Reading time 3 minutes

Principal Components Analysis 2

This material is reproduced based on the examples from: Oxford handbook of medical statistics (Janet Peacock Philip J Peacock) [1].

Exploring Principal Components Analysis

Understanding Multivariate Methods

  • Used to analyze multiple outcome variables at once, as opposed to single outcome variables
  • Aims to simplify complex datasets for easier interpretation

What is Principal Components Analysis (PCA)?

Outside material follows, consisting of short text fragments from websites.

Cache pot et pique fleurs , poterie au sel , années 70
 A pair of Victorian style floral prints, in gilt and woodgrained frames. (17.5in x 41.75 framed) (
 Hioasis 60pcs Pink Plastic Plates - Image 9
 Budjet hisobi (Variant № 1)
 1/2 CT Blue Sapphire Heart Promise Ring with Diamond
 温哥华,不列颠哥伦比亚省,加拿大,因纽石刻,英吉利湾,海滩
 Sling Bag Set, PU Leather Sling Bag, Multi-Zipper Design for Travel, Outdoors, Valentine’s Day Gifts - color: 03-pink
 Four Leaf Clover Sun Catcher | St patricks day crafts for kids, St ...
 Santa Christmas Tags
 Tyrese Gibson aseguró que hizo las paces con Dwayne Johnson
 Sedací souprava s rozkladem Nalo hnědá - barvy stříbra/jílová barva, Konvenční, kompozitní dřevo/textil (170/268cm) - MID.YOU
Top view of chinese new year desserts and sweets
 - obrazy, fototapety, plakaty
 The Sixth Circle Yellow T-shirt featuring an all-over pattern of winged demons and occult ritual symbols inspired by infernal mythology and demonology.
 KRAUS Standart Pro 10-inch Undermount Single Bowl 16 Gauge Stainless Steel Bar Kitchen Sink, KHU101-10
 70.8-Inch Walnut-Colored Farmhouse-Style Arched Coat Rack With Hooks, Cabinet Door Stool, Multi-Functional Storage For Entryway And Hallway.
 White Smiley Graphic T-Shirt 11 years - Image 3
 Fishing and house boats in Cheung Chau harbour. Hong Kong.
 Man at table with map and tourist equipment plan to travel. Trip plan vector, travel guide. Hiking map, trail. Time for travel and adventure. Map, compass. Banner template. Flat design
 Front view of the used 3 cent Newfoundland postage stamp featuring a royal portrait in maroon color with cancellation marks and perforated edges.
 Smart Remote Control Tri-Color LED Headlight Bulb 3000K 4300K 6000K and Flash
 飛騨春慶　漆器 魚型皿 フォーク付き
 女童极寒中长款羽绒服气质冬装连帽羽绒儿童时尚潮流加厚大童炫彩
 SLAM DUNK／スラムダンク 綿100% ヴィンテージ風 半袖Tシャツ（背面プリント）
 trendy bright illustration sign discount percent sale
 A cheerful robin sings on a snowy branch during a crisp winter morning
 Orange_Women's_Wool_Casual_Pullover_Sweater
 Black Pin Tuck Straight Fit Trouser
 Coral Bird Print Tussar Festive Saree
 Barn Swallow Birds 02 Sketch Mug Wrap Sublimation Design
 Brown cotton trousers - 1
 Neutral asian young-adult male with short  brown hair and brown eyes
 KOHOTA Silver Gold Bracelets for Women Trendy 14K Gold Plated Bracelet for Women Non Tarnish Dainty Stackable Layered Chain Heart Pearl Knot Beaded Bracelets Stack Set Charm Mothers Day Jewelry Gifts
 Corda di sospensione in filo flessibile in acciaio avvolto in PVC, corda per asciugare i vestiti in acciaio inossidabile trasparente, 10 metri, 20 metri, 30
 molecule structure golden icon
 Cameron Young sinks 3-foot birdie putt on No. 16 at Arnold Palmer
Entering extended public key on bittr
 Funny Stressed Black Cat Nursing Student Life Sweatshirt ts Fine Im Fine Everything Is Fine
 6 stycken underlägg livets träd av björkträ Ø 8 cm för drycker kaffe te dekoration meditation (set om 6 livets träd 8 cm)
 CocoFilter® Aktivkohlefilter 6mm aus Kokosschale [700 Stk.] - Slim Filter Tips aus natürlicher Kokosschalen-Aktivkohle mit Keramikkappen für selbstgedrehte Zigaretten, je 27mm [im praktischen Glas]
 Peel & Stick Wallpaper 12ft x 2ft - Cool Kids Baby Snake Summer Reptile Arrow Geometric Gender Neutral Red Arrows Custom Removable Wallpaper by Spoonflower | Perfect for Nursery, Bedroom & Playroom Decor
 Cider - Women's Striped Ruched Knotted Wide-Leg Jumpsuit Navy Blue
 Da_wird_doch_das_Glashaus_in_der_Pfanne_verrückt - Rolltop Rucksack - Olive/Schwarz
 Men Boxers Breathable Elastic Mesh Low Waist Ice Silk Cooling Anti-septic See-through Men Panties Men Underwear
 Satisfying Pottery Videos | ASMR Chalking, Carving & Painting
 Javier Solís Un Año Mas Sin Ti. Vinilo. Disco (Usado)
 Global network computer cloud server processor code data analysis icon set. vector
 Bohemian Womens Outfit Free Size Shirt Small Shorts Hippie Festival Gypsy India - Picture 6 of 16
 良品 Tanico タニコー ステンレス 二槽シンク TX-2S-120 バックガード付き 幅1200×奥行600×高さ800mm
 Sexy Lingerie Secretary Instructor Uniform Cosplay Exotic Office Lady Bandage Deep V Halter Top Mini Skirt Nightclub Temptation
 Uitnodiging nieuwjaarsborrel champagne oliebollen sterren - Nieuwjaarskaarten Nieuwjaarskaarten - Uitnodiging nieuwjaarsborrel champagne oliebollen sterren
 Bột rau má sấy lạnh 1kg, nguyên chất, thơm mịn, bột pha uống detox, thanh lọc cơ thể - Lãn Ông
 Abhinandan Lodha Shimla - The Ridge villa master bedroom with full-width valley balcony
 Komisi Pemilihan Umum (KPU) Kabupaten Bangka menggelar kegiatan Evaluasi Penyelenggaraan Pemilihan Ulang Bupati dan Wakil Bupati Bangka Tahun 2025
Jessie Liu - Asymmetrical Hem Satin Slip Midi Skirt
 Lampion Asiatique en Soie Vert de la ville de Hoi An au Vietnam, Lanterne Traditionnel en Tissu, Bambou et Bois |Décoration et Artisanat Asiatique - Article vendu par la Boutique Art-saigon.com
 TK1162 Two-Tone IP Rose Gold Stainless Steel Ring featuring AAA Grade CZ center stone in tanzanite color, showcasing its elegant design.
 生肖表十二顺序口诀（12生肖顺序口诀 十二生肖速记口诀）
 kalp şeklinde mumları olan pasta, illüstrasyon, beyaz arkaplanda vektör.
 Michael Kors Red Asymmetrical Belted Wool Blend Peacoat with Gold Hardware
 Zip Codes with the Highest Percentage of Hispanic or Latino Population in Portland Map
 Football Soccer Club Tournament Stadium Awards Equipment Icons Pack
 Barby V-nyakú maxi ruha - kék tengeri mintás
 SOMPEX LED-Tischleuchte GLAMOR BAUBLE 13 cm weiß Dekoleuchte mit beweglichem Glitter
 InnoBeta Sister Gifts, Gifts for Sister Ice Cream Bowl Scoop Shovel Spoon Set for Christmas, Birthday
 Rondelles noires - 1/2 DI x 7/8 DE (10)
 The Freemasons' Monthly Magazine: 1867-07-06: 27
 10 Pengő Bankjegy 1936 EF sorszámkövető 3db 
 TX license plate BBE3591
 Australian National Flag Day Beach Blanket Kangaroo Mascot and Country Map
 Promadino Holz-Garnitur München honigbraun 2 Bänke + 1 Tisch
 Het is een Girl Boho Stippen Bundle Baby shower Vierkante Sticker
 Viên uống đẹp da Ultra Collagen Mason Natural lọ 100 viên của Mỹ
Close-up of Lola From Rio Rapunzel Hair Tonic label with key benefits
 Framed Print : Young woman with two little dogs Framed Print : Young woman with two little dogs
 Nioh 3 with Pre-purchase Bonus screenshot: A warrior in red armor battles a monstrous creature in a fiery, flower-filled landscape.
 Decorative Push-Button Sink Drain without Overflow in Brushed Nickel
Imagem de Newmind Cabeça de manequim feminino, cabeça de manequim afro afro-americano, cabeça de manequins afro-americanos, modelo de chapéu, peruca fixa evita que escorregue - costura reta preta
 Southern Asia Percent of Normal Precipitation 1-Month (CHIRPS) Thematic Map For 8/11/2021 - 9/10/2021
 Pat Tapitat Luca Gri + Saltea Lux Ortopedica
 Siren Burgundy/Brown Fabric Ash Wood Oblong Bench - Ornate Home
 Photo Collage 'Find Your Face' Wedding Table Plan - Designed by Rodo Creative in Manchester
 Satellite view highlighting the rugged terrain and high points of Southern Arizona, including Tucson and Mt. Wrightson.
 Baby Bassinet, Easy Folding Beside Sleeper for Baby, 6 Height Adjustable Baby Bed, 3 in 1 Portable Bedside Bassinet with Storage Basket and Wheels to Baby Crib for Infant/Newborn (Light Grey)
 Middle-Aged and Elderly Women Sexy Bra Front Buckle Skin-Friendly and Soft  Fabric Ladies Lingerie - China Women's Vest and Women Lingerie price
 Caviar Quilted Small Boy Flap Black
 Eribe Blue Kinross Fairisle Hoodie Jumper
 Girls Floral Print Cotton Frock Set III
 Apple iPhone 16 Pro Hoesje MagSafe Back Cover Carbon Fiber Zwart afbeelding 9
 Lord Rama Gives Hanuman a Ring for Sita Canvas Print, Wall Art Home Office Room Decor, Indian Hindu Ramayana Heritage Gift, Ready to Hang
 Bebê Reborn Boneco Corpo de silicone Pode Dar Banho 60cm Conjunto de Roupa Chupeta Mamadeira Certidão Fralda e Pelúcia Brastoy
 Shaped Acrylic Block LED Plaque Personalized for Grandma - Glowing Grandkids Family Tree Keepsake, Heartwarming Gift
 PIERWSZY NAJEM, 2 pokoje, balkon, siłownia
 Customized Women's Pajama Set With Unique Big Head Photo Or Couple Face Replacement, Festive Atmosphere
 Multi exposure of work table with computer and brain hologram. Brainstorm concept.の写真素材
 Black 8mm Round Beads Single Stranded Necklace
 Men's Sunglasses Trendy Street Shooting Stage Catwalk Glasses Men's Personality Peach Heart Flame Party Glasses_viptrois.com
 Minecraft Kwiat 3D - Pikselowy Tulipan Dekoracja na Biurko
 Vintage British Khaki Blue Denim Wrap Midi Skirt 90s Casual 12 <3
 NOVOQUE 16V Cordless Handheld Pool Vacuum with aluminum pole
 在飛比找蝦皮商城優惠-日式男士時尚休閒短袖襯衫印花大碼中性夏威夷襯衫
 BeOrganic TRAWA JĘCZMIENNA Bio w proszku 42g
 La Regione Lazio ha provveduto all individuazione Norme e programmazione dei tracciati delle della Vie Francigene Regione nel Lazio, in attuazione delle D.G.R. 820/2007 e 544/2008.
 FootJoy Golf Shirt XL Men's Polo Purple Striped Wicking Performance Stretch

  • Reduces datasets with many inter-correlated variables to a smaller set of uncorrelated variables
  • Also known as ‘reducing the dimensionality of a dataset’
  • The smaller set of variables is used in subsequent analyses

How PCA Works

  • Generates a set of principal components (PCs), each being a linear combination of original variables
  • Maximum of n PCs can be computed for n variables
  • PCs explain a proportion of total variability, with the first PC explaining the maximum amount, and subsequent PCs explaining progressively smaller amounts

PCA Equations

  • Original variables: \(x_1, x_2, x_3, \dots, x_p\)
  • PCA generates p principal components: \(y_1, y_2, y_3, \dots, y_p\)
  • PCs are defined as:
    • \[y_1 = b_{11}x_1 + b_{12}x_2 + \dots + b_{1p}x_p\]
    • \[y_2 = b_{21}x_1 + b_{22}x_2 + \dots + b_{2p}x_p\]
    • \[y_p = b_{p1}x_1 + b_{p2}x_2 + \dots + b_{pp}x_p\]
  • \(b_{11}, b_{12}\), etc., are coefficients

Practical Aspects

  • Common practice to include enough PCs to explain at least 80% of total variability, often just two or three
  • PCA generates a single value for each PC for each subject, creating new variables
  • These new variables are used in further analyses like other variables

Interpreting Principal Components

  • Specific PCs may represent an overarching theme with contributions from several original variables

Example: PCA in Lung Function Tests

Researchers wanted to identify important features of six lung function tests in 458 coalminers [1]. They used PCA and reduced the six tests to three meaningful respiratory components. The results are summarized in the following table:

Component 1st 2nd 3rd 4th
FEV1 -0.46 0.18 0.23 -0.26
FVC -0.38 0.58 -0.22 -0.24
FEV1/FVC -0.38 -0.57 -0.24 -0.52
Vmax50 -0.44 -0.32 0.12 0.05
Vmax25 -0.43 -0.21 0.17 0.77
TLCO -0.35 0.41 -0.83 0.14
% Variability 74% 15% 7% 3%

Advantages and Disadvantages of PCA

  • Replaces inter-correlated variables with a smaller set of independent components, capturing key features of original data
  • Overcomes colinearity problems in complex predictor variables, making it easier to examine possible predictor variables
  • Each component is a new variable, which is a linear combination of the original variables, making actual component values harder to interpret

Reference

  1. Oxford handbook of medical statistics (Janet Peacock Philip J Peacock). Cowie H, Lloyd MH, Soutar CA. Study of lung function data by principal components analysis. Thorax 1985; 40(6):438–43.